The thing that always fascinates about old equipment and tools, is the effort that went into making an item not only functional but also beautiful. Totally unnecessary decoration bringing art into everyday life. Heaven knows, everyday life was hard enough for a farmer and his family, too hard perhaps for the enjoyment of such trivialities.

After the museum it's into the factory where large glass windows allow one to watch the famous (and delicious) Wensleydale cheese being made in what looks like a series of very large stainless steel bath tubs, actually called vats. Each vat holds 4500 litres of cooled pasteurised milk, and it takes four hours to convert it into 500 kilograms of scrum-diddly-umptious cheese.

Five vats have the milk at five different stages of production, from fresh milk to the set cheese which is being shovelled out of the vat and into the cheese mill where it's shredded then packed into moulds to be pressed. All of these processes are carried out by hand. The whey that is separated during the process goes to a local pig farm and each pig drinks 20 litres of whey a day!

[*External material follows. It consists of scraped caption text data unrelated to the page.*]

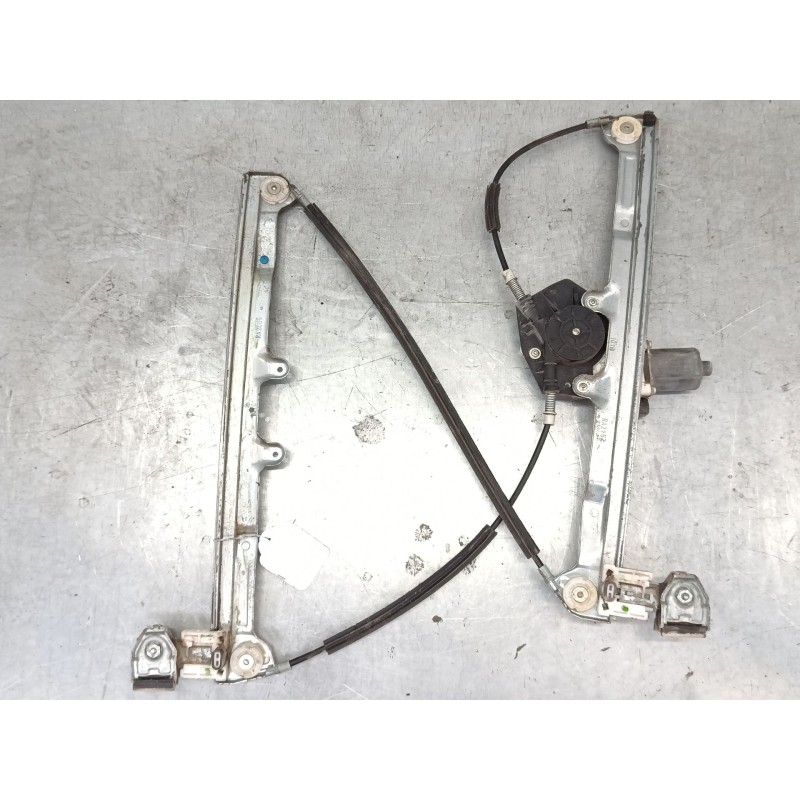 Recambio de elevalunas electrico delantero izquierdo para mitsubishi colt vi (z3_a, z2_a) 1.3 (z21a) referencia OEM IAM 5713A133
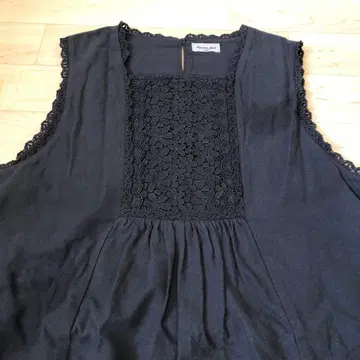 사만사 모스모스 가슴 부분 레이스 민소매 원피스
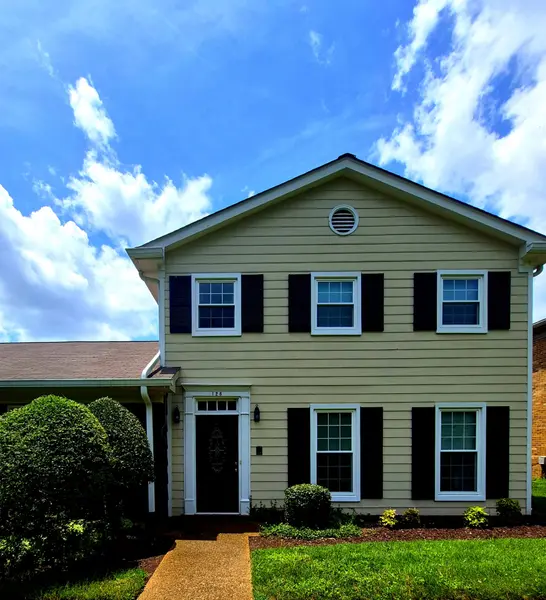128 Boxwood Dr, Franklin, TN 37069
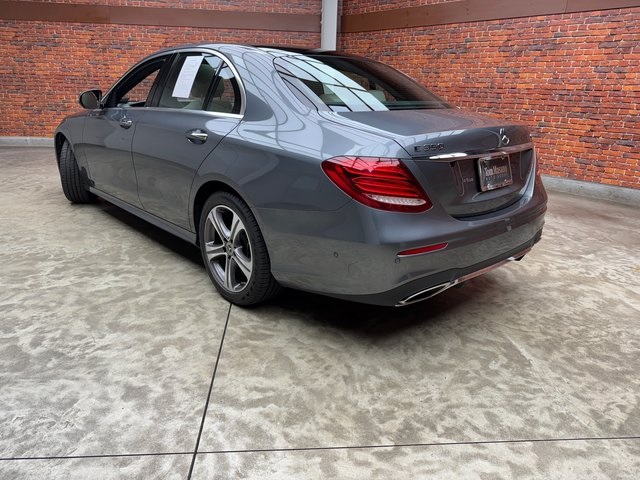2020 Mercedes Benz E 350 4MATIC photo 3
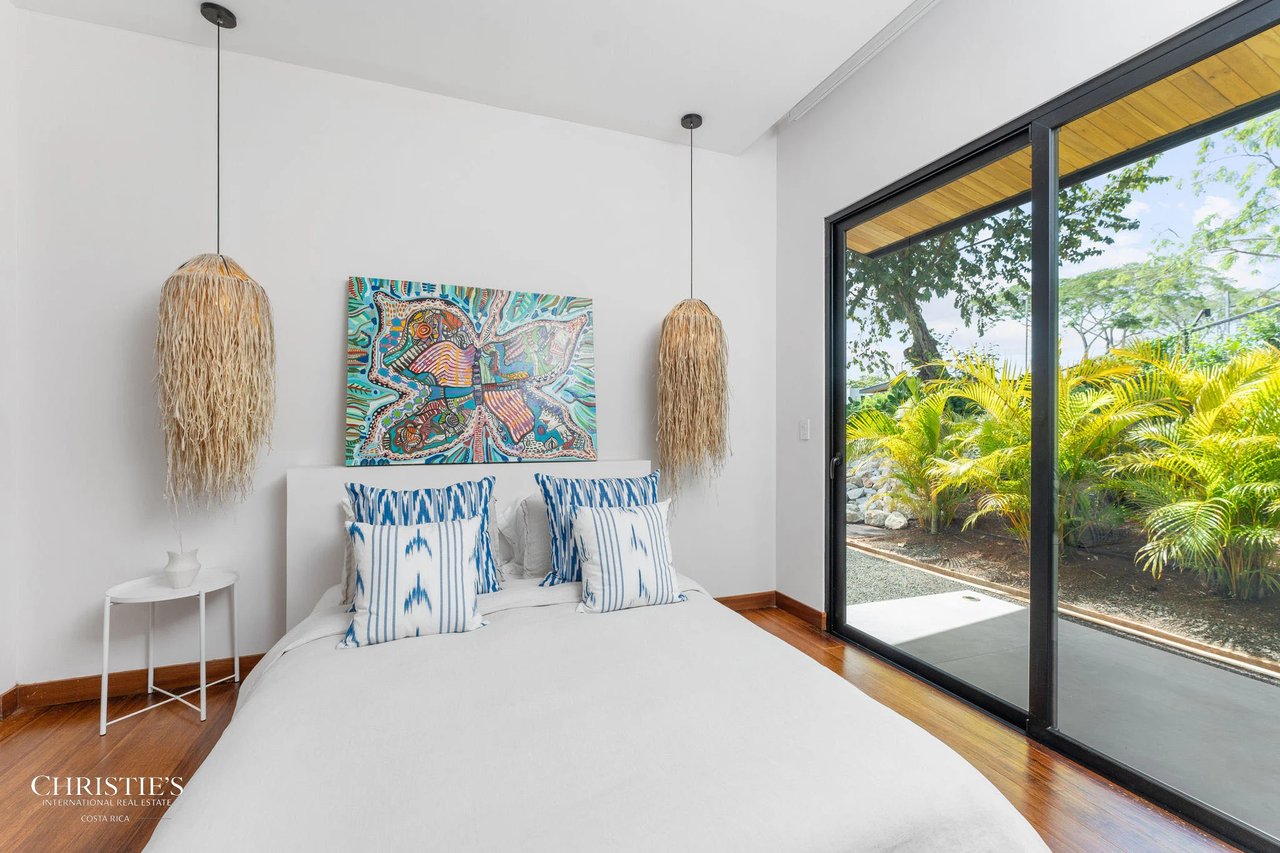 Casa Lola – Contemporary Beachside Oasis in Playa Grande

After a pleasant few hours in this charming little market town we all pile back on the old bus, named 'Harvey', and head for home.

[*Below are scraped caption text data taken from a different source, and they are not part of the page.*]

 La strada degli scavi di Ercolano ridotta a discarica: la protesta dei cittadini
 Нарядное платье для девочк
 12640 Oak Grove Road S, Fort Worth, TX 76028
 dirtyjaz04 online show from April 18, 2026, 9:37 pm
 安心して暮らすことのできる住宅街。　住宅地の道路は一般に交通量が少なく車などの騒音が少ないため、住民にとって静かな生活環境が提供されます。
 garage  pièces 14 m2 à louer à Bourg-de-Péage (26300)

Our conductor, suitably attired in 1950s uniform, is a friendly chap who keeps up a running banter with the travellers while he sells us some bus related postcards. He says it's his ambition to sell Jimmy a postcard before the summer is out. It seems that today's the day and Jimmy lashes out and buys two!

Jimmy is in a very cheerful mood after his day out and chats away, mostly to himself. 'Aye, that's a grund 'un', says he to nobody in particular, and I look out the window to see a young deer just trotting across a field!

Back in Ravenstonedale Jimmy, the other couple and I alight from 'Harvey' and he disappears around the corner. I have a peculiar Harry Potterish feeling that it has driven through a curtain in the scenery to another dimension. Now that would explain the non-existent bus depot!